WHAT IS EXPECTED: Please give back, word for word, each line from the start of the entries through the one in which "Rotary knob, 6 mm, Plastic, black" is found.

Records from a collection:
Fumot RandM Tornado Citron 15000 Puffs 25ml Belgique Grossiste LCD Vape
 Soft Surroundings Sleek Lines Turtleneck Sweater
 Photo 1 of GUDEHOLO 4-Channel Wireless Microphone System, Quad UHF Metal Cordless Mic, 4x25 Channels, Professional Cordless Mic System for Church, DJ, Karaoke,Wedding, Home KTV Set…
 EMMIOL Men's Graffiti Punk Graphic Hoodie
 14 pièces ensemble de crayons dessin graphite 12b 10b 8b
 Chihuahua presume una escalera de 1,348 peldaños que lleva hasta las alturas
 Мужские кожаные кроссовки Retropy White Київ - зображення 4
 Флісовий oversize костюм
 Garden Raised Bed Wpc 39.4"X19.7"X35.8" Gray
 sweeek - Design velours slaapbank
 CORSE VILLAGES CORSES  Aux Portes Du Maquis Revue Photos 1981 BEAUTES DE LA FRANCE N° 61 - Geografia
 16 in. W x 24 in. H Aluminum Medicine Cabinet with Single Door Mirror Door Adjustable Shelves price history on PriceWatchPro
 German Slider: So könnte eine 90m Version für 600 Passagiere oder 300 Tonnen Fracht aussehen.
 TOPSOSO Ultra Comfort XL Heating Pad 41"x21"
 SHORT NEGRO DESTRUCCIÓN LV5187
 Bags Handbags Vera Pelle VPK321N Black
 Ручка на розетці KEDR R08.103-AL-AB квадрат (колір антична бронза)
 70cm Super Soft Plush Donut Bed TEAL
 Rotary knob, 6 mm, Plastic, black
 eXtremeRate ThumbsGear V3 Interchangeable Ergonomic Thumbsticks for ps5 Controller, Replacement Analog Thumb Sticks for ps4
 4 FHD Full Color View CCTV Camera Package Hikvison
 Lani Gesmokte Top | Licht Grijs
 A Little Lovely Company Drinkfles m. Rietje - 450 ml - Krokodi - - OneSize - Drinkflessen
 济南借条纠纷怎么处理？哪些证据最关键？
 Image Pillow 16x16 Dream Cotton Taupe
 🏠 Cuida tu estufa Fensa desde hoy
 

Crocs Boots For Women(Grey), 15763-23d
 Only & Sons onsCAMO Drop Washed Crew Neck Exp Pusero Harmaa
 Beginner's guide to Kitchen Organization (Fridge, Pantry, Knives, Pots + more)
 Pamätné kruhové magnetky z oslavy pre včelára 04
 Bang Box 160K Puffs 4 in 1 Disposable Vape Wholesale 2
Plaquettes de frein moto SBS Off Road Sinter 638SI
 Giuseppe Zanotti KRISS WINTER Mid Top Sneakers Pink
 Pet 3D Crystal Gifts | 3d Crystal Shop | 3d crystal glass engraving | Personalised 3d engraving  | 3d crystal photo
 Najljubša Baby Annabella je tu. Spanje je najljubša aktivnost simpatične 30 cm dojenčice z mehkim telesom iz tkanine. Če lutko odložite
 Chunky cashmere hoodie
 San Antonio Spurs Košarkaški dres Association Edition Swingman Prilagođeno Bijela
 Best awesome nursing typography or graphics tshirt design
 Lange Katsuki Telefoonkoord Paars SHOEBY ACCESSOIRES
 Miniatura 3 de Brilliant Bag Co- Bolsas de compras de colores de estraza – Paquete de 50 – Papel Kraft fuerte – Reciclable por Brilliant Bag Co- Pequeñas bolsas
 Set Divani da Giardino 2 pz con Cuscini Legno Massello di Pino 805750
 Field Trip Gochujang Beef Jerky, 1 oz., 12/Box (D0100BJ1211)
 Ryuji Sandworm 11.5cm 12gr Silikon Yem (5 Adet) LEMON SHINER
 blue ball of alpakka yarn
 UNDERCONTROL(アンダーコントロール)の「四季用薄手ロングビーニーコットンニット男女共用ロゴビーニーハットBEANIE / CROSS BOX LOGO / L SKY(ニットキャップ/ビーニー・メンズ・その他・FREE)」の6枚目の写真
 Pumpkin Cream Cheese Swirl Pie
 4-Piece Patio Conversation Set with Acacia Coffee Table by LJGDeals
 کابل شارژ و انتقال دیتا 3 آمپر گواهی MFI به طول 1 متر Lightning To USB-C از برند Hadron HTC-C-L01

EXERCISE ANSWER:
Fumot RandM Tornado Citron 15000 Puffs 25ml Belgique Grossiste LCD Vape
 Soft Surroundings Sleek Lines Turtleneck Sweater
 Photo 1 of GUDEHOLO 4-Channel Wireless Microphone System, Quad UHF Metal Cordless Mic, 4x25 Channels, Professional Cordless Mic System for Church, DJ, Karaoke,Wedding, Home KTV Set…
 EMMIOL Men's Graffiti Punk Graphic Hoodie
 14 pièces ensemble de crayons dessin graphite 12b 10b 8b
 Chihuahua presume una escalera de 1,348 peldaños que lleva hasta las alturas
 Мужские кожаные кроссовки Retropy White Київ - зображення 4
 Флісовий oversize костюм
 Garden Raised Bed Wpc 39.4"X19.7"X35.8" Gray
 sweeek - Design velours slaapbank
 CORSE VILLAGES CORSES  Aux Portes Du Maquis Revue Photos 1981 BEAUTES DE LA FRANCE N° 61 - Geografia
 16 in. W x 24 in. H Aluminum Medicine Cabinet with Single Door Mirror Door Adjustable Shelves price history on PriceWatchPro
 German Slider: So könnte eine 90m Version für 600 Passagiere oder 300 Tonnen Fracht aussehen.
 TOPSOSO Ultra Comfort XL Heating Pad 41"x21"
 SHORT NEGRO DESTRUCCIÓN LV5187
 Bags Handbags Vera Pelle VPK321N Black
 Ручка на розетці KEDR R08.103-AL-AB квадрат (колір антична бронза)
 70cm Super Soft Plush Donut Bed TEAL
 Rotary knob, 6 mm, Plastic, black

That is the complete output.